Freddie, your angry ire directed at MattY's blog post far exceeds any that was actually warranted. Seriously, you can agree or disagree with what he said, but the mediocrity of MattY's observation certainly doesn't warrant the attack you laid on him for it. Matt wasn't even attacking the literati in an O'Reilly-style faux-populaist screen. He was asking, "why is the columnist whining so much? Why don't the literati publish stuff about Harry Potter that applies their intelelctual background to the books?"

people who spend their whole day building an edifice to their own intellectualism

I don't think Freddie is reading the same blog I read.

Didn't know Wizard fans could read ... wait ... wizards, Harry Potter ... call starkist!

Suppose that this individual article by this one guy is really a bellweather for some vast, Harry Potter-dismissing, arrogant intellectual front. I just can't imagine a weaker or less deserving target for opprobrium than people who read serious novels.

I think you missed the point... this never read as a swipe at readers of serious novels so much as critics who squander an opportunity to add value.

Out of the whole Ron Charles piece, this was the full literary criticism of the book:

"Start carrying on like Moaning Myrtle about the repetitive plots, the static characters, the pedestrian prose, the wit-free tone, the derivative themes, and you'll wish you had your invisibility cloak handy."

A quick search turned up none of Charles' earlier critiques of the Potter books, so (for me) this is the entirety of his contribution to the discussion of the quality of the books.
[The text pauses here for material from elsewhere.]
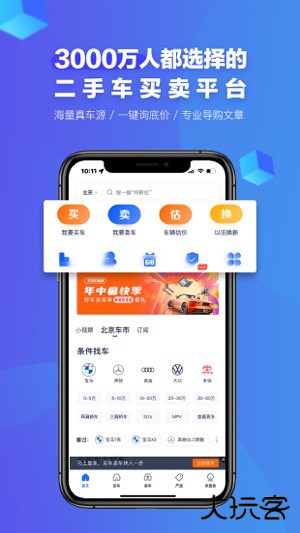 二手车之家下载 v8.33.0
One whole sentence.

I know this was an Outlook piece, but he could have at least mentioned an article that did the actual heavy lifting somewhere, or do it himself.

I just find a post like this such a transparent stab at a vicious take down.

A take-down? You really think MY has some personal axe to grind here?

Nothing is more tiresome than reading people like many of the above commenters, who think Harry Potter so unimportant that they simply MuSt devote hours to slagging the books on blogs. Blogs, mind you. Not literary magazines. Blogs. Bastion of literary discourse like political blogs.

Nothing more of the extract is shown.